→ **What you will do**
The entries below are to be copied exactly, with every picture left out.

→ **Data records**
::::::

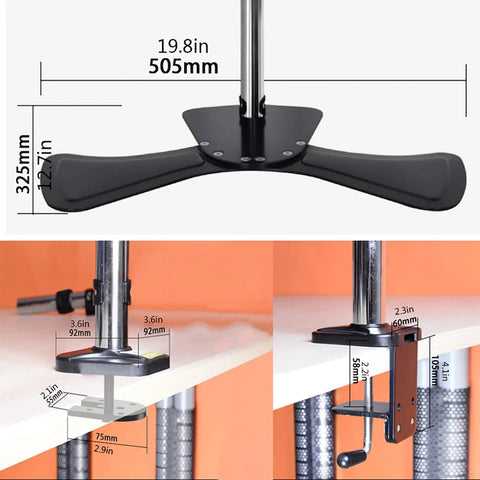 Triple Monitor Arm Desk Mount Holds 15 To 27 Inch Screens Rock Solid Aluminum Build showing base and clamp dimensions.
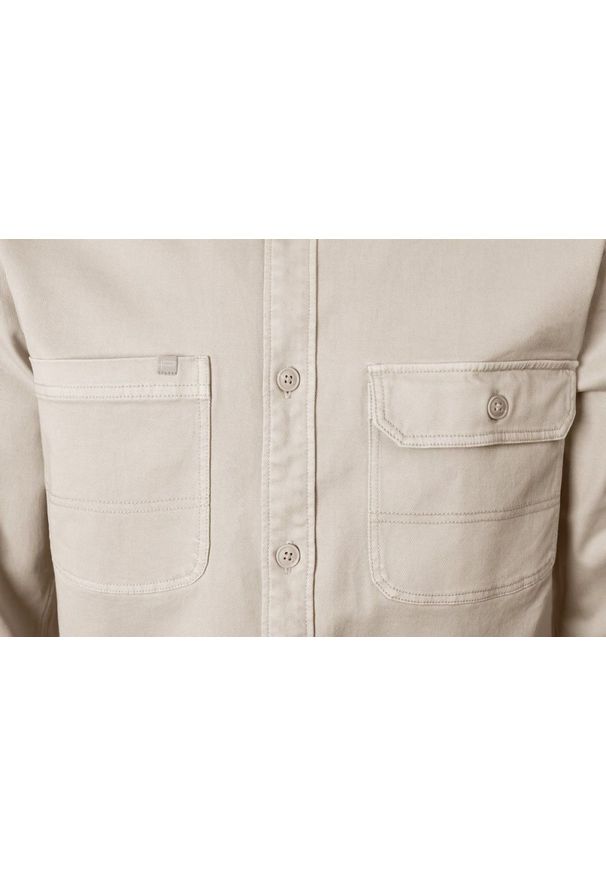 Lekka Kurtka o Kroju Koszuli Wierzchniej - Pako Jeans - Beżowa. Kolor: beżowy, wielokolorowy, brązowy. Materiał: elastan, bawełna, tkanina. Sezon: jesień, wiosna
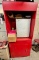 Red Wooden Roll-A-Round Cabinet with GE Dorm Fridge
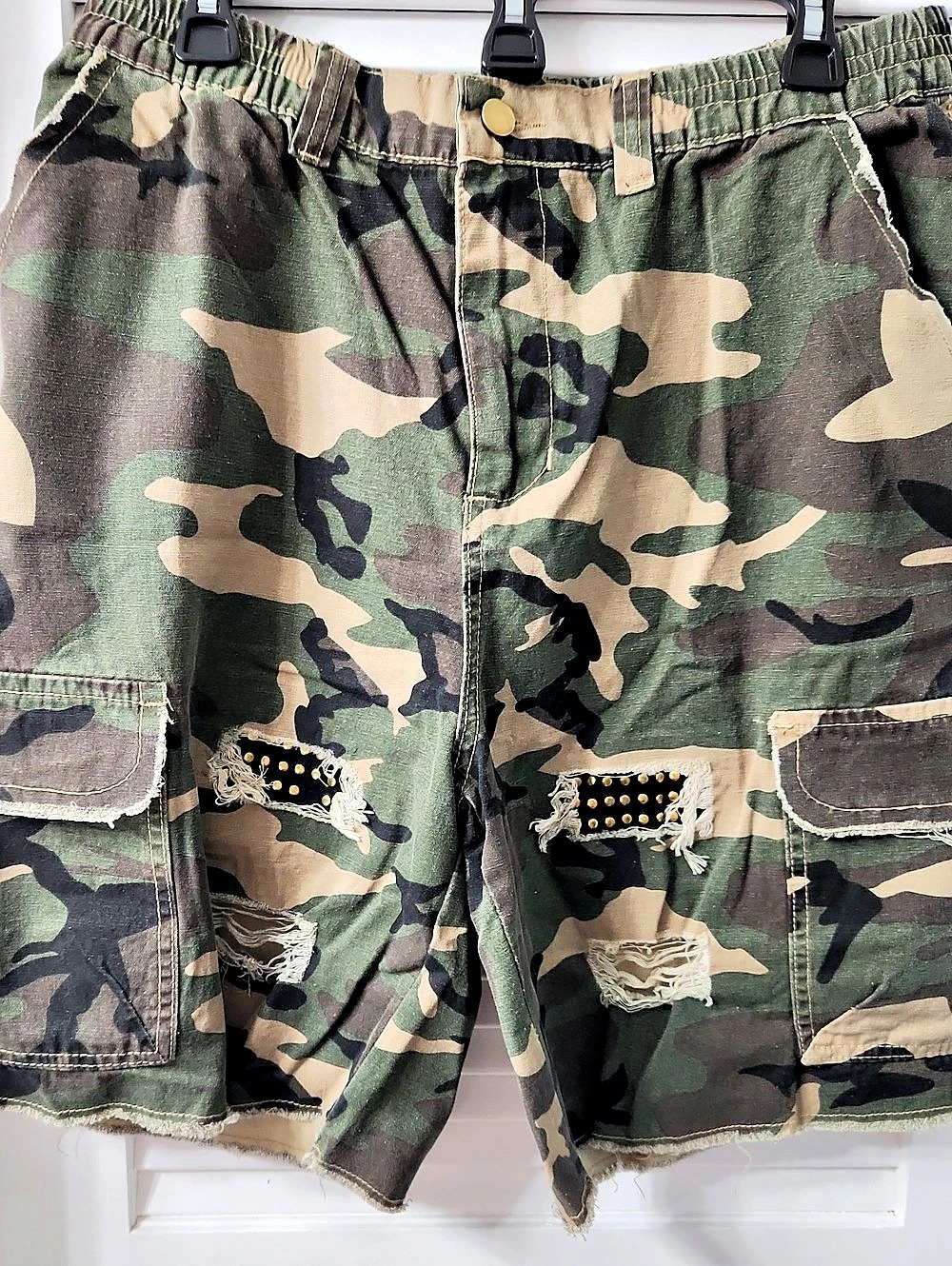Womens Camo Cargo Shorts Size XXL
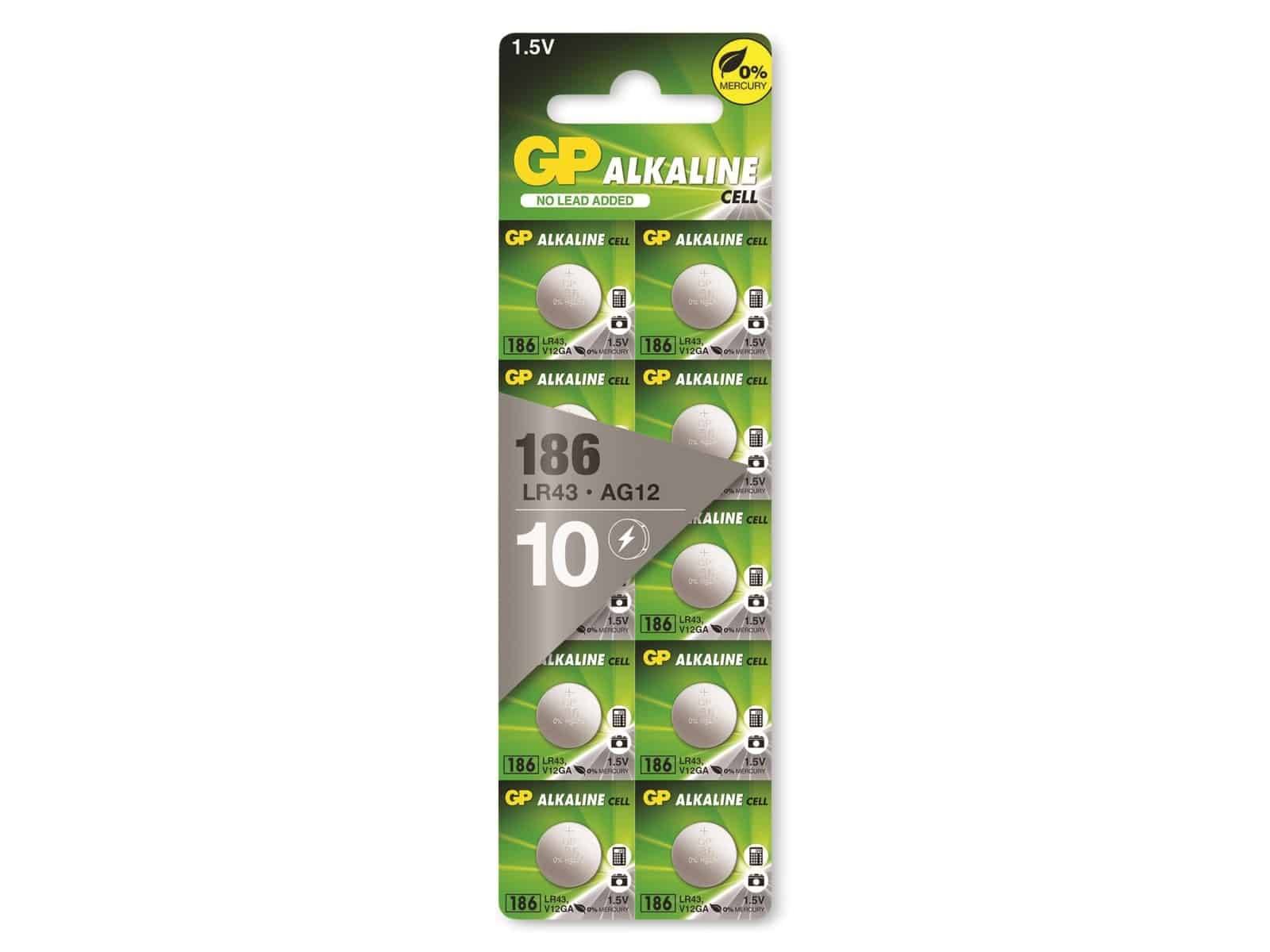 GP Battery GP186F-2C10 Knopfzelle LR 43 Alkali-Mangan 1.5 V 10 St.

::::::

→ **Exercise output**
 Triple Monitor Arm Desk Mount Holds 15 To 27 Inch Screens Rock Solid Aluminum Build showing base and clamp dimensions.
 Lekka Kurtka o Kroju Koszuli Wierzchniej - Pako Jeans - Beżowa. Kolor: beżowy, wielokolorowy, brązowy. Materiał: elastan, bawełna, tkanina. Sezon: jesień, wiosna
 Red Wooden Roll-A-Round Cabinet with GE Dorm Fridge
Womens Camo Cargo Shorts Size XXL
 GP Battery GP186F-2C10 Knopfzelle LR 43 Alkali-Mangan 1.5 V 10 St.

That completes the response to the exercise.